UTF-8 round-trips correctly here — non-ASCII (é, 你好, 🚀) goes through TextEncoder/TextDecoder, not btoa/atob directly. Naive btoa(str) in JavaScript breaks on non-Latin characters.
Padding — standard Base64 always ends with 0/1/2 = characters depending on input length. base64url often omits them. Decoders that require padding will reject unpadded input; this tool re-adds it on decode if missing.

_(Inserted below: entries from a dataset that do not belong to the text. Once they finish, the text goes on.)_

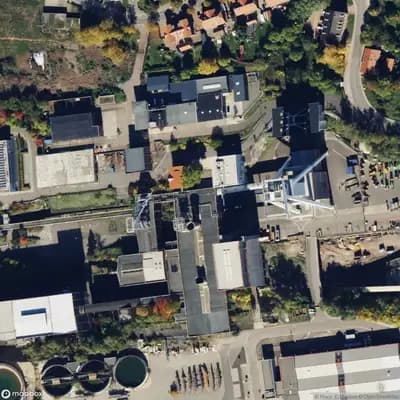 Verlaten Fabriek	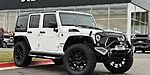 Used 2018 JEEP WRANGLER JK UNLIMITED SPORT in BENTONVILLE, ARKANSAS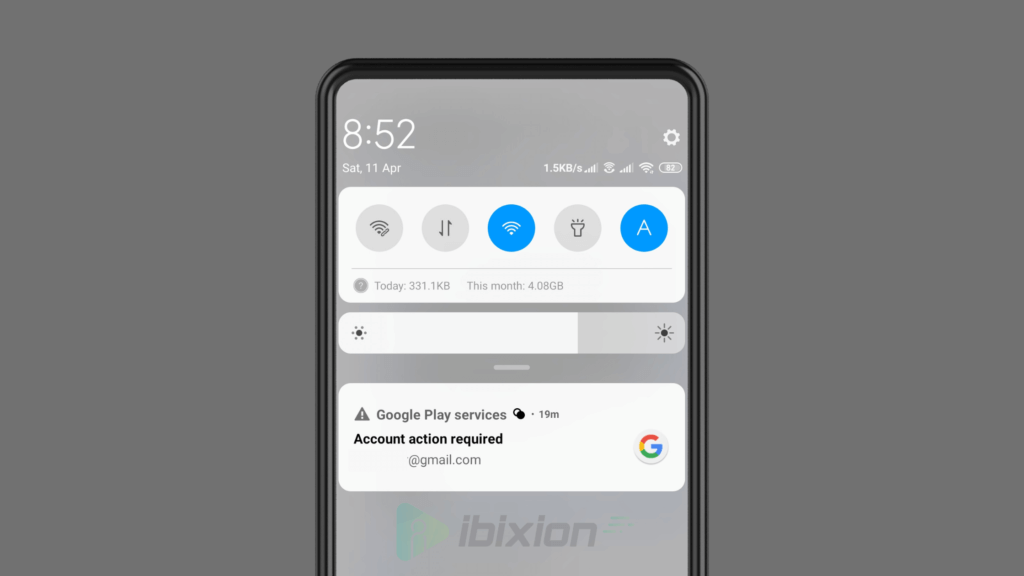 How to Remove and Fix Account Action Required on Android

Whitespace inside encoded strings — the decoder here strips spaces and line breaks (common from copy-paste), but some libraries don't, so re-encode if you're piping to one of those.

Expert notes

Base64 is not encryption. The most common misuse: developers Base64-encoding API keys, passwords, or "sensitive" config and treating it as obfuscated. It's reversible in one line of code in any language — atob(str) in the browser, base64.b64decode() in Python. If you need actual secrecy, use AES-GCM or libsodium. Base64 is transport encoding, not security.
The size penalty is exactly 4/3 plus padding. 100 bytes of input becomes 136 characters of Base64. For a 1 MB file: 1.37 MB Base64. This is why inline data URIs for images larger than ~4 KB are usually a bad tradeoff — you pay the size penalty, lose browser caching, and the document download grows. See our Base64 article for the full breakdown.
Base64 vs base64url. Two different alphabets exist: standard Base64 uses +, /, and =; base64url uses -, _, and usually omits padding. JWT tokens, signed URLs, and anything URL-bound uses base64url to avoid characters that need percent-encoding. This tool supports both — pick the right one for the destination.
UTF-8 first, then Base64. The order matters. JavaScript's btoa takes a "binary string" (one byte per code unit) and fails on multi-byte characters. The correct pipeline for arbitrary text is UTF-8 encode → Base64 encode. Reversing that order produces output that round-trips for ASCII but corrupts everything else. This tool handles the encode step automatically.
For huge files, prefer multipart/form-data. Encoding a 50 MB file as Base64-in-JSON for a single API request is an antipattern: 67 MB request body, CPU spent on the encode step, plus your API gateway probably has a 10 MB limit anyway. HTTP multipart was designed for this; use it.